When he said “My Name Is Randy” I had to pause it.
Great episode.
When he said “My Name Is Randy” I had to pause it.
I’m just a big enough geek to be bothered by the fact that last week’s COPS CAMDEN episode had Darnell/Crabman/Charles Monroe’s grandmother when it’s been established twice now that he’s in the witness protection program. I loved the virtuoso cellist revelation, though, and my favorite line not yet quoted: “You know the kind of girl who was destined to become the next Faith Hill but somewhere along the way discovered peach daiquiris… … …raising two kids in trailer park hell. My name is Joy” spiel.
Another great episode. The staggering 10 paces reminded my daughter of Pirates of the Caribbean.

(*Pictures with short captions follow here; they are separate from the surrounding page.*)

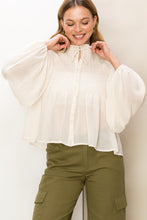 Off White Smocked Blouse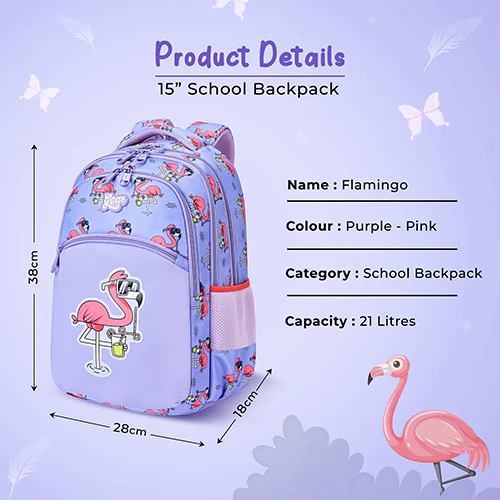 Gear Flamingo 15"/21L Medium Water Resistant School Bag | Casual Backpack | Daypack | Travel Backpack | Kids Bag for Boys/Girls (Purple - Pink) - Image 3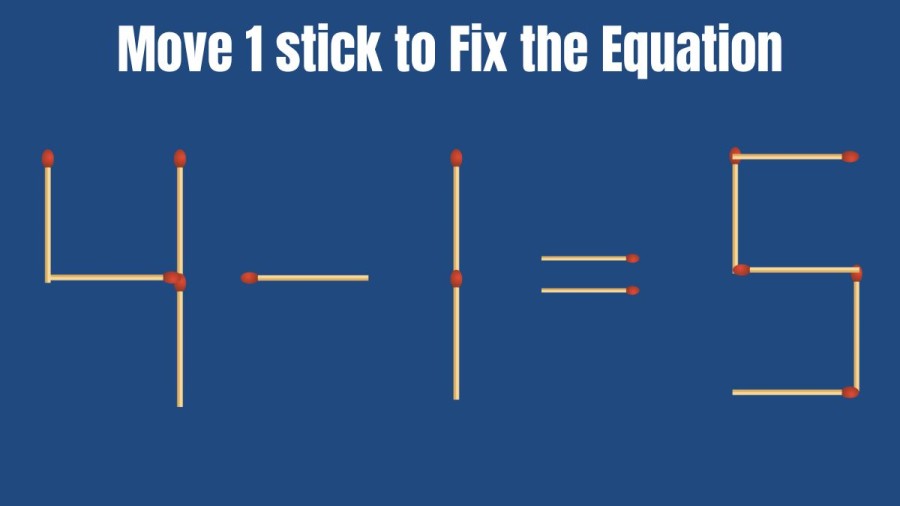 Brain Teaser: 4-1=5 Can you Move 1 Stick and Fix this Equation in 20 Secs? Matchstick Puzzles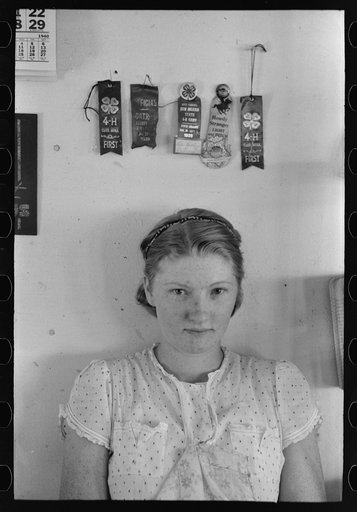 Lois Stagg who with her husband rents and runs the cafe. Both she and her husband came to New Mexico with their families from Texas. She won 4-H awards shown. Pie Town, New Mexico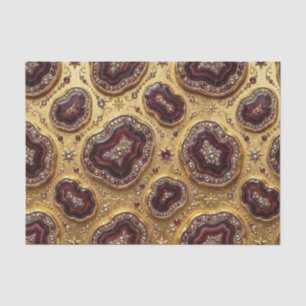 Papel De Seda Decoupage de Lujo Geoda de Ágata Burgundy + Oro
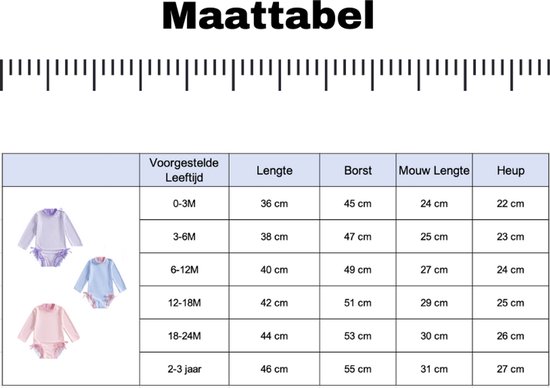 Maattabel voor meisjes badpakken met afbeeldingen van de badpakken.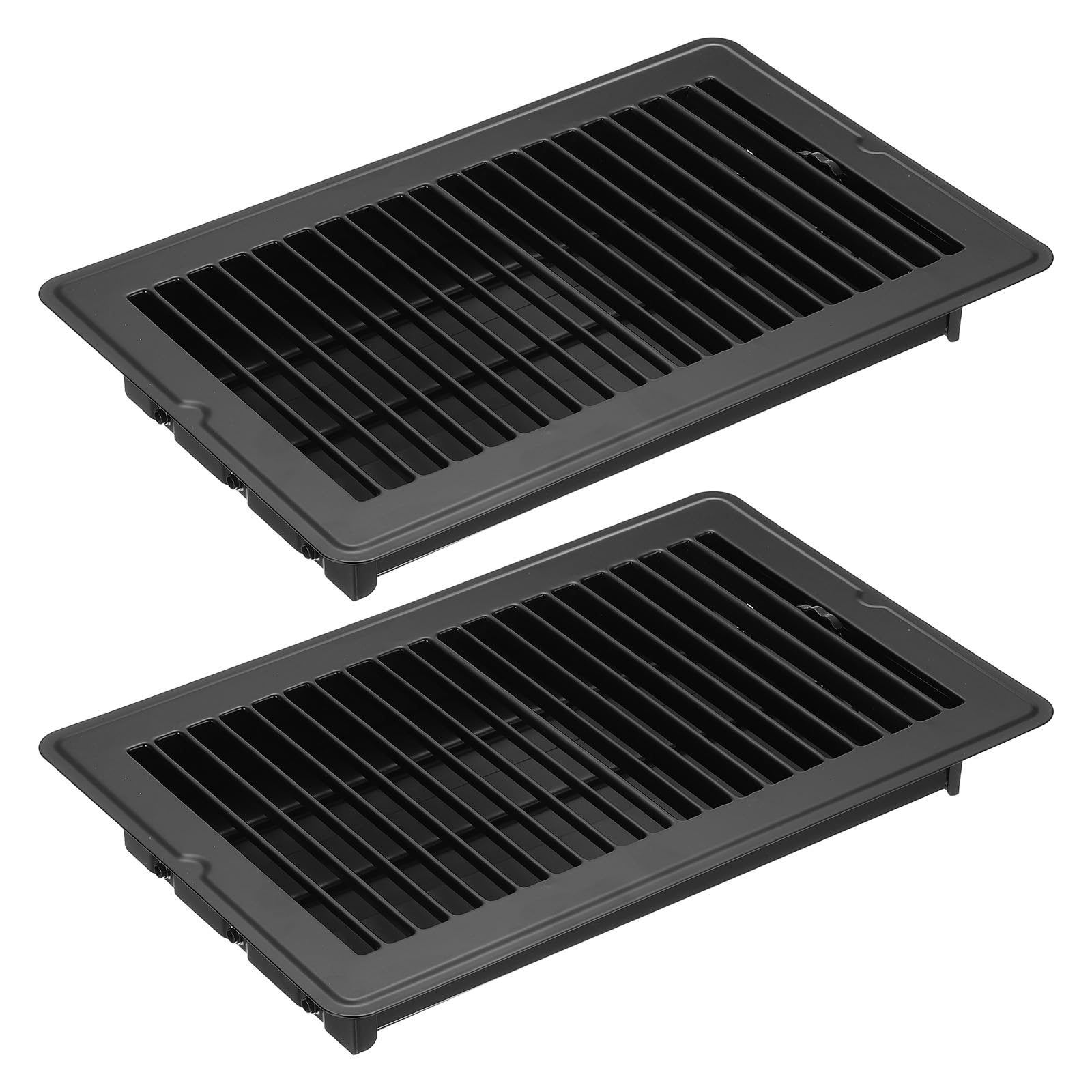 PATIKIL 10 x 6 Inch Floor Register, 2pcs Heavy Duty Air Vent Cover Steel Adjustable Decor Vents Easy Adjust Floor Grates for Sidewall Home Office, Black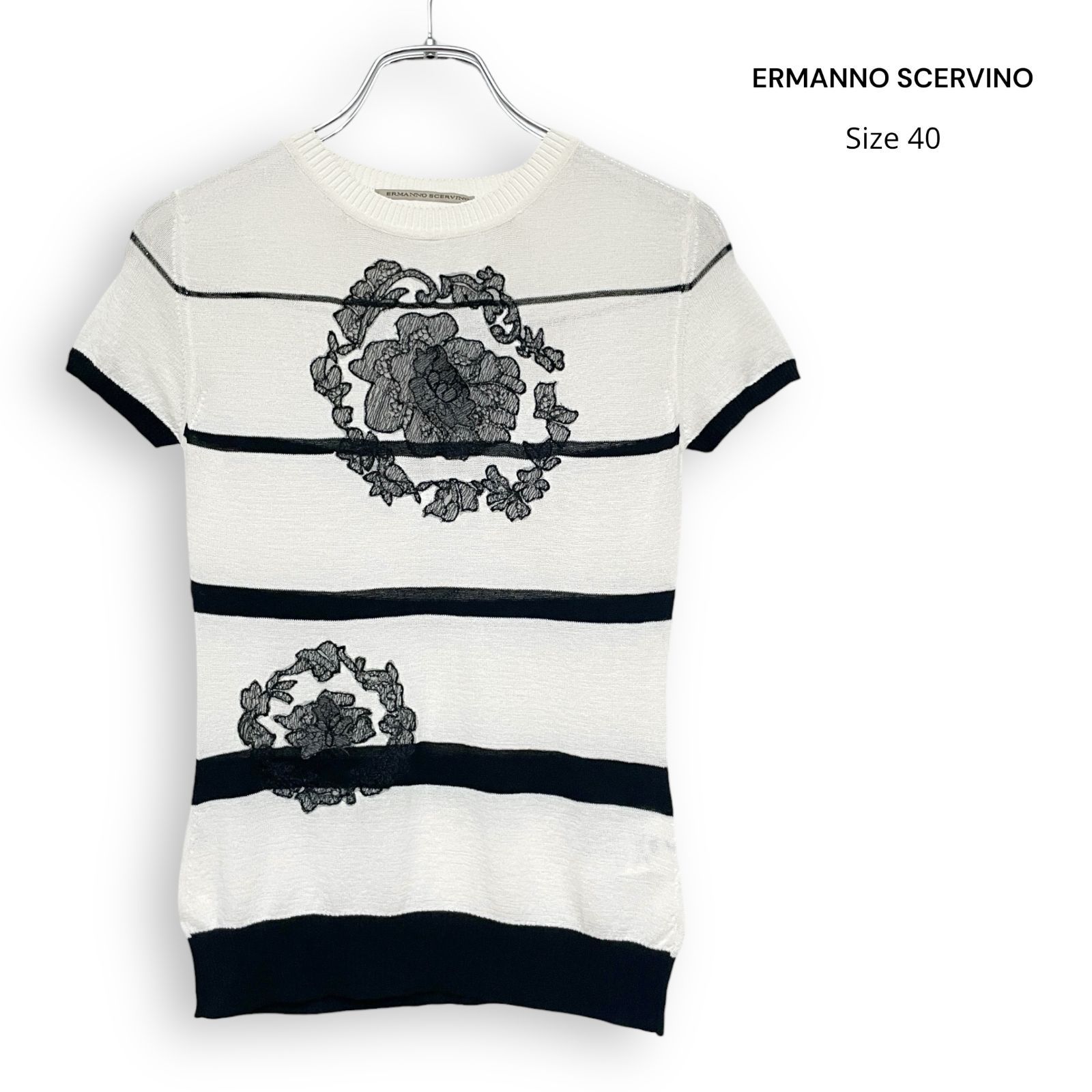 ERMANNO SCERVINO エルマンノ シェルヴィーノ 刺繍 レース レーヨン ニット Size40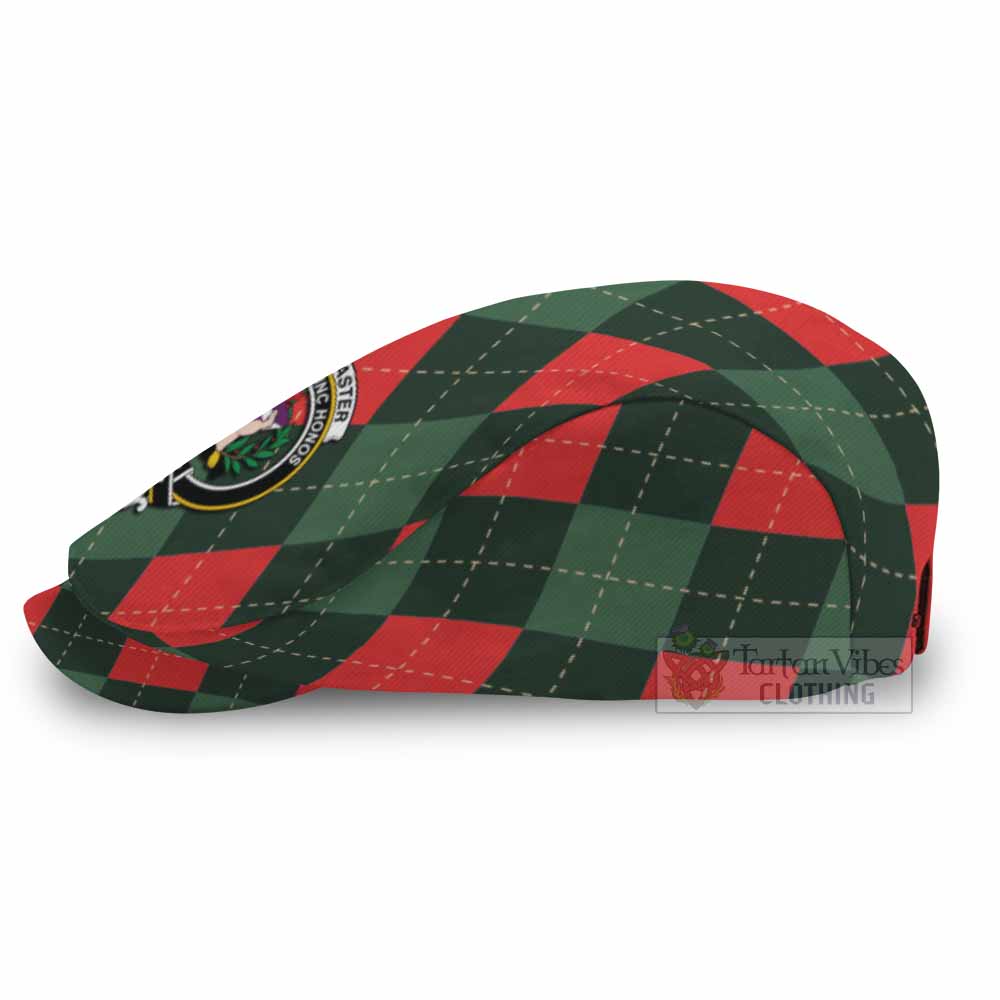 MacMaster (McMaster) Scottish Family Crest Flat Cap, Jeff Cap Argyle Plaid Christmas Style - Tartan Vibes Clothing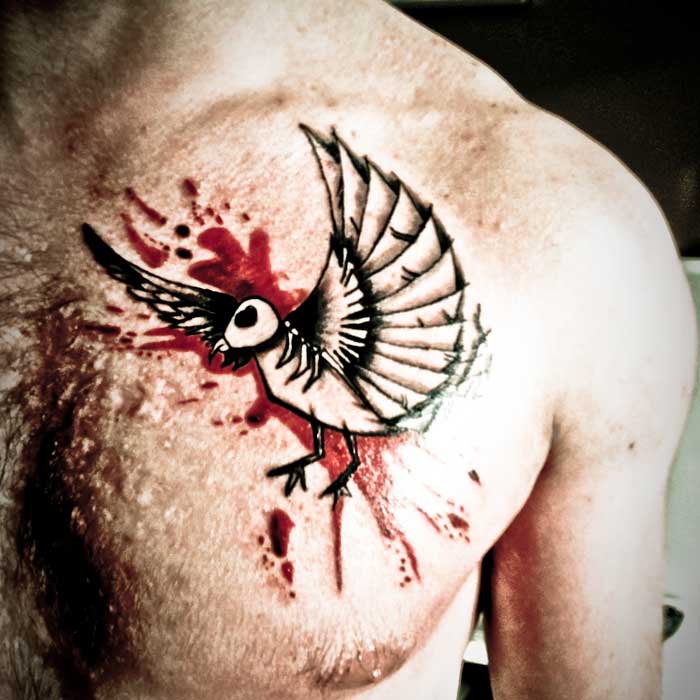 700x700 Trash Polka Bird Done By Apprentice Tattooist - Trash Polka Painting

I might have missed the last minute, was there anything after the “Sigh, that’s not me. My Name is Dotty”?
Jim
It’s just so cluelessly sweet Crabmanish for him to be in the witness protection program but still be in such complete contact with his family that he lived with his Gramma and everybody showed up for his wedding. “Unclear on the concept–ANY concept” can be used to describe most people on that show.
Unfortunately not, just the credits.
Thank you.
PS- I still subscribe to a listserv from the grad school where I got my Masters in Library Science (MLS). A lot of librarians are extremely easily offended about stereotypes. (“HEY! We’re not just a bunch of old women with hairbuns and no fashion sense! We’re also middle aged women with hairbuns and no fashion sense, and gay men!”) There’s of course a message today from one of the “MLS-holders Offended About Nearly Everything Remotely Sensitive” (MOANERS) with NBC’s address asking us to protest this.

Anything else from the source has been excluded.